Zoo in for expansion

No proposal for shifting it as rumoured, says forest official. There are 65 enclosures housing a wide variety of wildlife, including big cats, monkeys, birds, and bears.

April 17, 2015 11:09 am | Updated November 17, 2021 11:04 am IST - VISAKHAPATNAM:

A water body right in the heart of the zoo in Visakhapatnam. File Photos: C. V. Subrahmanyam

A water body right in the heart of the zoo in Visakhapatnam. File Photos: C. V. Subrahmanyam

Billed as the only zoo in India located amidst natural settings, with hills acting as a barrier on two sides, a stream right at the centre, and the blue waters of the sea forming the backdrop on the other, the Indira Gandhi Zoological Park is poised for further expansion.

The sprawling 625-acre extent of the zoo has been the favourite haunt of children, animal-lovers, and fun-lovers, and the most-visited places during ‘Karteeka Maasam’ (picnic season) for several decades.

The very severe cyclone Hudhud had devastated the zoo, felling thousands of trees and destroying the enclosures on October 12, 2014.

It is learnt that the government has sought Rs. 25 crore from the World Bank for taking up reconstruction and expansion of the zoo.
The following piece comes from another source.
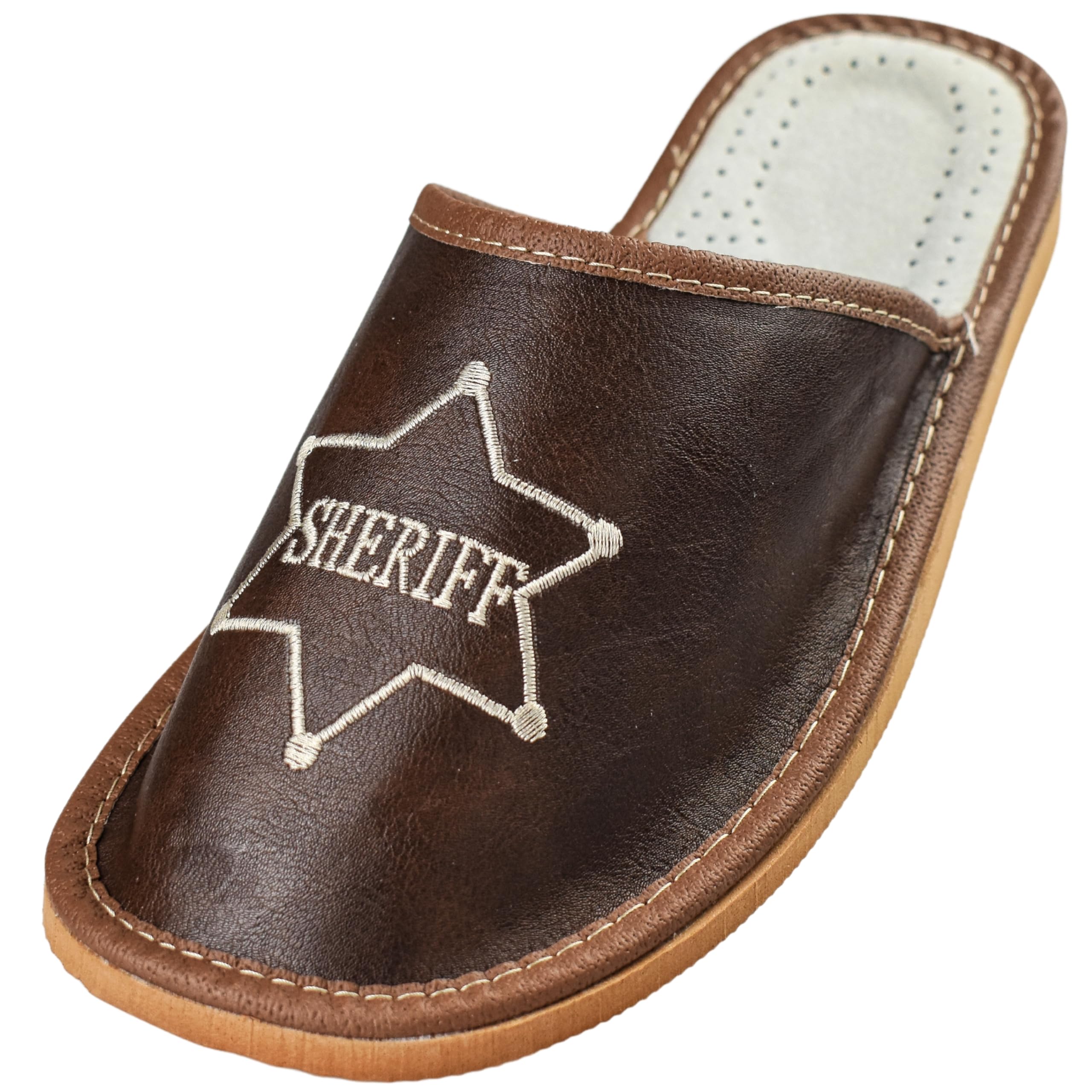 APREGGIO Herren Leder-Hausschuhe – Rutschfeste Pantoffeln mit Stickerei, Bequem für Freizeit & Zuhause, Größen 40–46 EU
There are 65 enclosures housing a wide variety of wildlife, including big cats, monkeys, birds, bears, snakes, wild dogs, lizards, crocodiles, ostrich, elephants.
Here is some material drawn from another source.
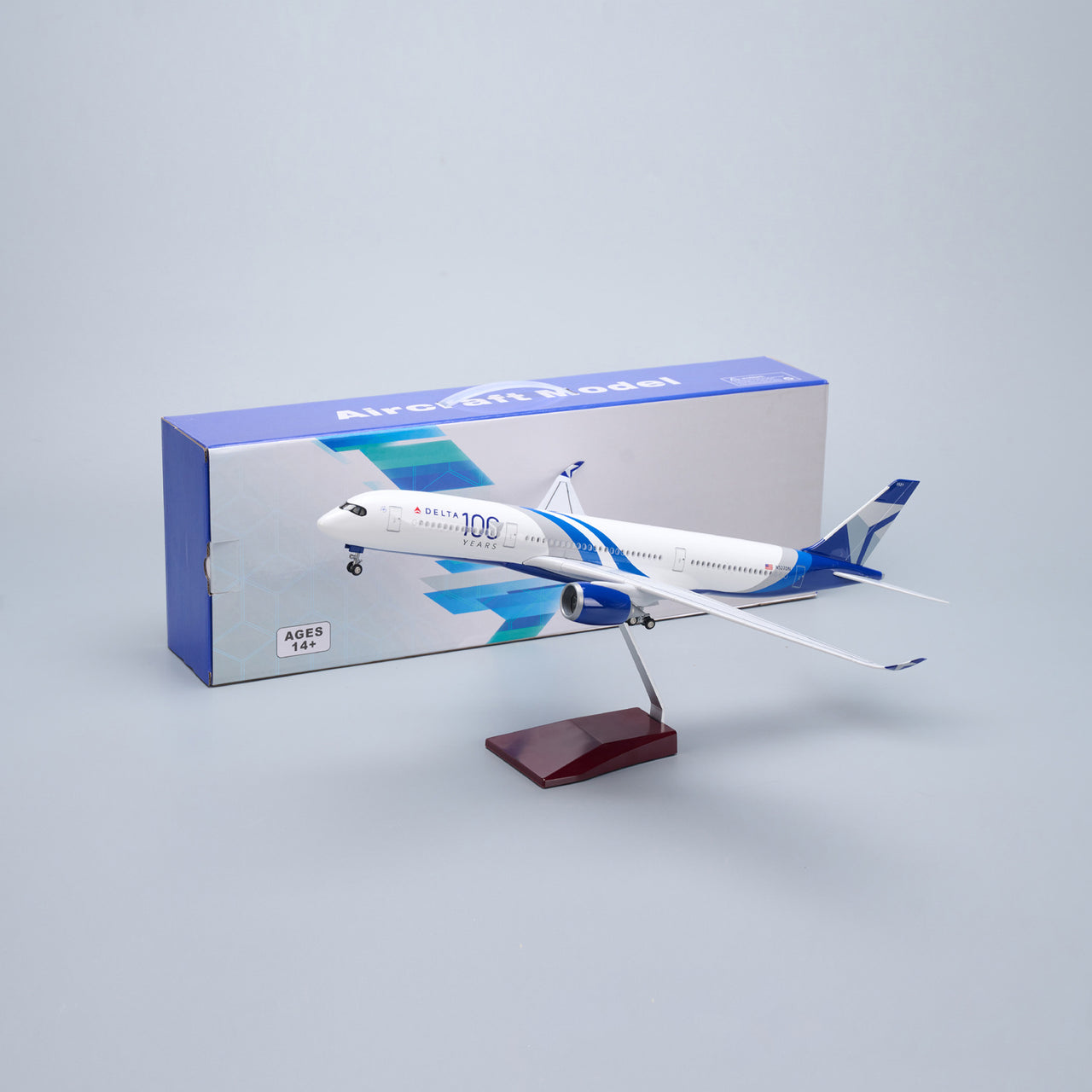 Delta Air Lines 100th anniversary (Centennial) Airbus A350 Airplane Model (1/84 Scale - 47CM)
Luckily, zoo officials had moved the animals, especially the big cats, into their night crawls a day before Hudhud struck the Visakhapatnam coast. Thousands of trees were either uprooted or reduced to stubs by the gales. Most of the enclosures were destroyed.

Chief Minister N. Chandrababu Naidu, during his visit to the zoo days after the devastation, promised to appoint a consultant to restore the beauty of the zoo and develop it on the lines of the Singapore Zoo.

Principal Chief Conservator of Forests A.V. Joseph told The Hindu on the sidelines of a workshop here that there were plans to further develop the zoo.

Dismissing rumours on shifting of the zoo, he said: “Only around 150 of the 625 acres in the zoo has been utilised and we have lot of scope for expansion activities like developing a bird park. We have not received any proposal for shifting of the zoo so far.”

“Around a dozen panthers are in the wild at Kambalakonda Wildlife Sanctuary. Measures are being taken to provide drinking water in the sanctuary as the natural water source has dried up and there is a danger of the animals straying into concrete jungles,” he said.